Coffee Bean Chocolate Chip Cookies
For all you coffee freaks out there I present coffee chocolate chip cookies!
As I write this I am indulging in one of my favorite activities…eating cookies. Yup, those cookies, the ones to the left.
What’s really nice about that is I’m getting a shot of coffee, a few cookies, a glass of ice cold milk, and exercise all at once. Yes exercise, the kind one gets from alternately lifting a cookie and glass of milk to ones pie hole.
This recipe for coffee chocolate chip cookies is super simple to make and literally goes together in about 10 to 15 minutes. Some caveats though. The original recipe says to beat the tar out of the butter and sugar. Do not beat the tar out of ANY creaming of butter and sugar. Ever. I took that part out.
The object of creaming is to have the sugar add aeration to the butter, but not too much, or too little. You will know when it’s ready by the look of it. Kind of fluffy. Always use room temperature butter. Don’t microwave it or it will be liquid in some parts and chunky in other parts, and it won’t come back together when you cream the sugar in. Trust me. King Arthur has a good description of how to do this properly.
Now that I’ve scared you with the creaming thing…don’t overthink it either. Creaming is not difficult to do. Just make the cookie dough like the recipe says.
I’ve also found that the cooking time can vary slightly. I don’t know why but it can and I don’t have this issue with other cookies. So here’s the easy way to tell if the cookie is done. Bake for 12 minutes, rotating the trays mid bake, and at 12 minutes gently lift the cookie with a good, thin spatula. and look for some browning. When touched, the top of the cookie may seem like it’s not done and if so go one more minute then pull them from the oven. If you bake them too long the cookie will be crunchy, which is fine if you want a crunchy cookie. I like them a little softer so I pull them sooner.

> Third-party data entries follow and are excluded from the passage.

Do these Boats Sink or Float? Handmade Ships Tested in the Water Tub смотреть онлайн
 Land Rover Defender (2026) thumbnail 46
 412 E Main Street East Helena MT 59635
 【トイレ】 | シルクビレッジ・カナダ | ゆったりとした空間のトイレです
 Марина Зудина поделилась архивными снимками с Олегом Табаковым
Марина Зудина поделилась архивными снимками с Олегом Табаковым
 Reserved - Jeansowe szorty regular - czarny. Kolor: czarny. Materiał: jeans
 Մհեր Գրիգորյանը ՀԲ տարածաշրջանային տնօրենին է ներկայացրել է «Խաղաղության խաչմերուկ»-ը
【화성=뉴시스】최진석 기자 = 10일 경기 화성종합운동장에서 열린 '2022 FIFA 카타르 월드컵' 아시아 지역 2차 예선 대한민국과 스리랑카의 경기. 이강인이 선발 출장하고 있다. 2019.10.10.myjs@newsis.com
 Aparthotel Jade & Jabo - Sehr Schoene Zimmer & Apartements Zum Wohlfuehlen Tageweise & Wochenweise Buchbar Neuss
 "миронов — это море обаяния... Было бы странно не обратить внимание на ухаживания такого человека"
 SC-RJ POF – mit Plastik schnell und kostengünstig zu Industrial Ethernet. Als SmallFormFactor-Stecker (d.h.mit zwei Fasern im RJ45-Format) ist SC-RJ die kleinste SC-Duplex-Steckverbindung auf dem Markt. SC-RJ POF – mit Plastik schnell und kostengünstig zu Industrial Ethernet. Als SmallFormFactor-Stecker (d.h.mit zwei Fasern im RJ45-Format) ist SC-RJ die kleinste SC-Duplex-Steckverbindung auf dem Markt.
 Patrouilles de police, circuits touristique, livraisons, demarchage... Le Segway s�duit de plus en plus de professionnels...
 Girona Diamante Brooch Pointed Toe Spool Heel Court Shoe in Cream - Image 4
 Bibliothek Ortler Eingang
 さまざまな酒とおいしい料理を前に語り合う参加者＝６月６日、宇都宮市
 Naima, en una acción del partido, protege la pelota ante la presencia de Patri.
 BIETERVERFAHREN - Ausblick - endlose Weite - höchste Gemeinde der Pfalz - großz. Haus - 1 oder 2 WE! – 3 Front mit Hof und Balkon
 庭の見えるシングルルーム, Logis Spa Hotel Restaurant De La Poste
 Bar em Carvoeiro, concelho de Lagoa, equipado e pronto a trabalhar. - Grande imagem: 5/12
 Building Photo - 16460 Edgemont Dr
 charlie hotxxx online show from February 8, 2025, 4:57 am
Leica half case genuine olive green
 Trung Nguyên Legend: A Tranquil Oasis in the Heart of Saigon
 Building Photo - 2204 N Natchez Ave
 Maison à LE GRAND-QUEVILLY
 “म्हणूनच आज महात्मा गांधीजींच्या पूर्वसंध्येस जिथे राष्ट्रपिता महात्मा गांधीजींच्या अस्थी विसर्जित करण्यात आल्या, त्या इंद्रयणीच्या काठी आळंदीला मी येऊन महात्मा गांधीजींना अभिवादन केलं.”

Lastly, use a real fine grind on the coffee beans. The cookie will not be gritty with ground coffee, not that there’s anything wrong with that. But if you are going to beat the tar out of anything, make it the coffee.
That’s it. Done. So go ahead and make these cookies, eat them with a glass of freezing cold milk, and let me know what you think.
Finally, here are some baking tools to make life easier. Personally I can’t imagine working without them. (Full disclosure – by using the links to buy these items we receive a small commission from Amazon. The items don’t cost anymore, we just get a BFF cut from Amazon.)
- Silicon baking mat from Artisan (2 pk.). I can’t vouch for the quality but they are similar to the Silpat at about 30% of the price. We use Silpat that we’ve had forever.
- Nordic Ware Aluminum Commercial Baker’s Half Sheet baking sheets…the good, professional type. They really do a better job because they heat more evenly.
- Winco No.40 Ice Cream Scoop. You’ll use it for every chocolate cookie you ever make. It’s 1.75 tablespoons in size.
- A real spatula like this MIU France Stainless Steel Slotted Turner. It’s great for cookies or fish or pancakes. I’ve had mine for 11 years.
Thanks! Leave a comment and let us know how they come out.
- 2¼ cups AP flour
- ⅓ cup finely ground coffee beans
- 1 teaspoon baking soda
- 1 teaspoon kosher salt
- 1 cup unsalted butter (room temperature)
- ¾ cup granulated sugar
- ½ cup brown sugar
- 2 eggs
- 2 teaspoons vanilla extract
- 2 cups chocolate chips
- Preheat the oven to 350F and line your cookie sheets with parchment paper. Combine the flour, coffee, baking soda, and salt in a bowl and whisk to aerate; set aside.
- Place the butter, granulated sugar, and brown sugar in the bowl of a stand mixer and mix for about 3 minutes, making sure to scrape the bottom and sides of the bowl halfway through. Add the eggs and vanilla and beat for another minute.
- Add the flour mixture to the butter mixture and mix until it just comes together. Stir in the chocolate chips and drop 2 tablespoon-sized mounds of dough on the trays, 2 inches apart.
- Bake for 12-15 minutes. Cool on racks.